By acting in a unilateral manner without presenting their superior information to the Directors for comment and action, NCUA has failed to protect the interests of all shareholders and more importantly, the well being of credit union members. Credit unions were designed for their members and in their institutional structure, to be a “sanctuary from the market.” The cooperative, countercyclical capability is critical in times of extraordinary market stress and uncertainty. By continuing to lend, they have maintained and enhanced member confidence and trust.
Contrary to this cooperative role, NCUA has chosen to impose an immediate write-off in an amount of approximately the 1% share insurance deposit and additionally, for members of U S Central and WesCorp, the membership capital shares. Even though none of these losses has been incurred, NCUA has elected to charge credit unions in full now for these future projections.
Using this kind of modeling and future loss estimates which they have disclosed to neither the institutions or the credit unions being sent the bill, every corporate and every credit union becomes vulnerable to similar arbitrary NCUA decisions and actions.
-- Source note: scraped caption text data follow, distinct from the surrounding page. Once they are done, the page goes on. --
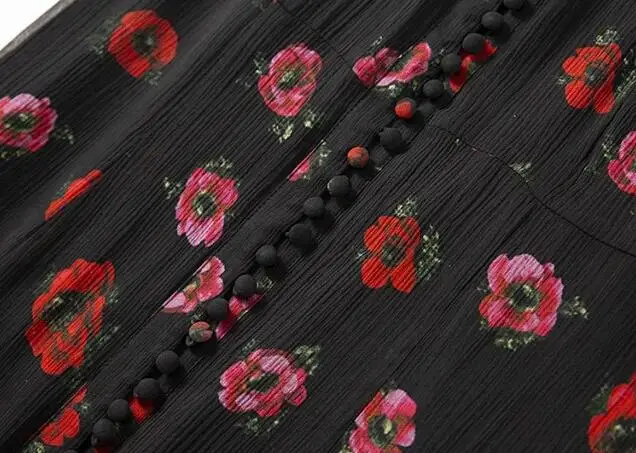 

2020 Summer Midi Dress Women Floral V-neck short-sleeved romantic silk Slim soft buckle printed beach dresses Holiday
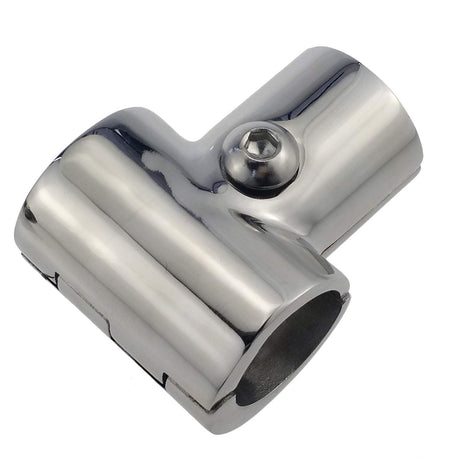 Heavy Duty Boat Hand Rail Fitting- Polished 90 Degree T/Tee Hinged/Split Fitting 1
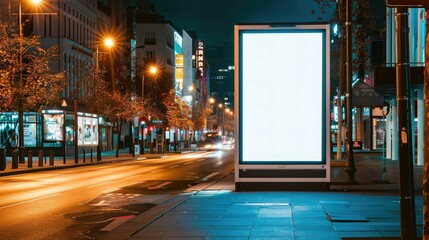 white blank advertising billboard. street mockup panel. digital lightbox poster ad banner board. bus shelter advertising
Such a process is not only contrary to standard due process; it violates a person’s sense of fairness and reasonable behavior.
These decisions by NCUA have created uncertainty, fear, and confusion by the very organization entrusted with maintaining system confidence. At a time when credit unions were emphatically demonstrating their countercyclical role, especially in record mortgage refinancings, the NCUA board has dragged the industry into the center of the nation’s financial turmoil. There were alternative methods and solutions available. These actions show a serious failure of judgment not to mention, common sense.